After eating at a greasy spoon near a Native American reservation in the southwest, Taylor is approached by a forlorn Indian woman pleading with her to take her sister's child and bring it to safety. The story takes an unexpected twist when Taylor accepts the child and drives until Arizona, where she decides she will stay.
It is in a desert town that she meets characters that are so random and raw that you begin to feel they must be real. Through the themes of finding friends where you least expect and helping others even when it hurts and pinches your life's plans, the narration by Taylor is ponderous, insightful for such a young girl, and gripping.
Like me, you will probably find yourself reflecting on your own life after reading this book, and finding spaces where you relate with Taylor and can laugh at the random events and fully-developed characters she meets along the way.
The Bean Trees is a great book club read because it deals with some deeper issues like living for something greater than yourself and forging a life amidst the unknown.
Woven into the title of the book is the bean trees that grow aggressively in a certain special space that Taylor encounters in her new life.

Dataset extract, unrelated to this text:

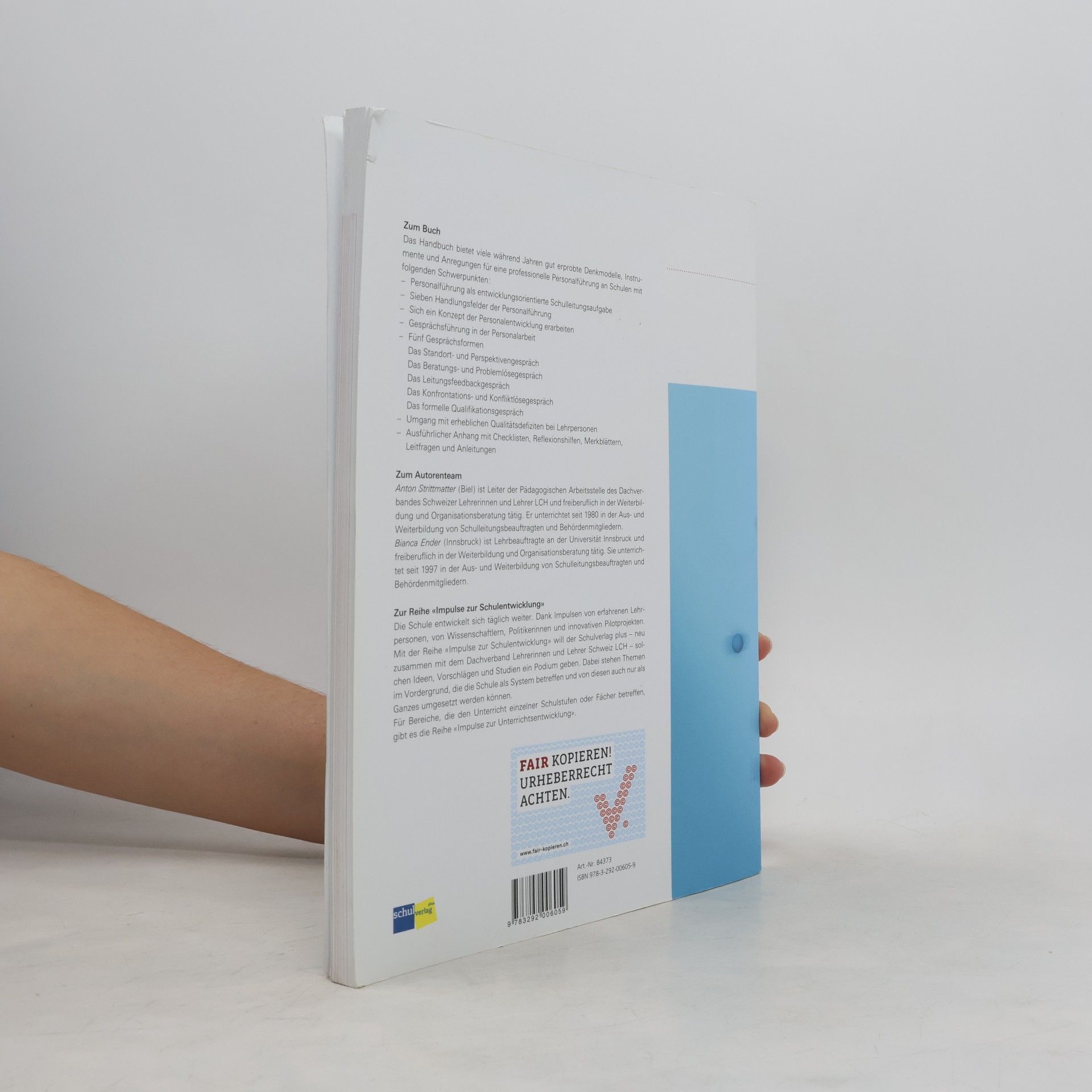 Anton Strittmatter Personalführung an Schulen - Handbuch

And it is in the bean trees, and the insects that help them, that she sees purpose and sense in her own world, connecting this book into a satisfying finish on the last page.
For some book club snacks to accompany the book, try some of these southwestern recipes, ones that Taylor eats herself in her new Arizona residence.
Black bean quesadilla
Combine canned or cooked black beans with salsa and smooth onto one flat tortilla.
Sprinkle with desired toppings such as: shredded cheese, onions, green peppers, lettuce and tomatoes.
Top with another flat tortilla.
Broil at 500 degrees in oven for approximately 10 minutes.
Slice into pizza-type cuts and enjoy with salsa, guacamole, sour cream and chiles.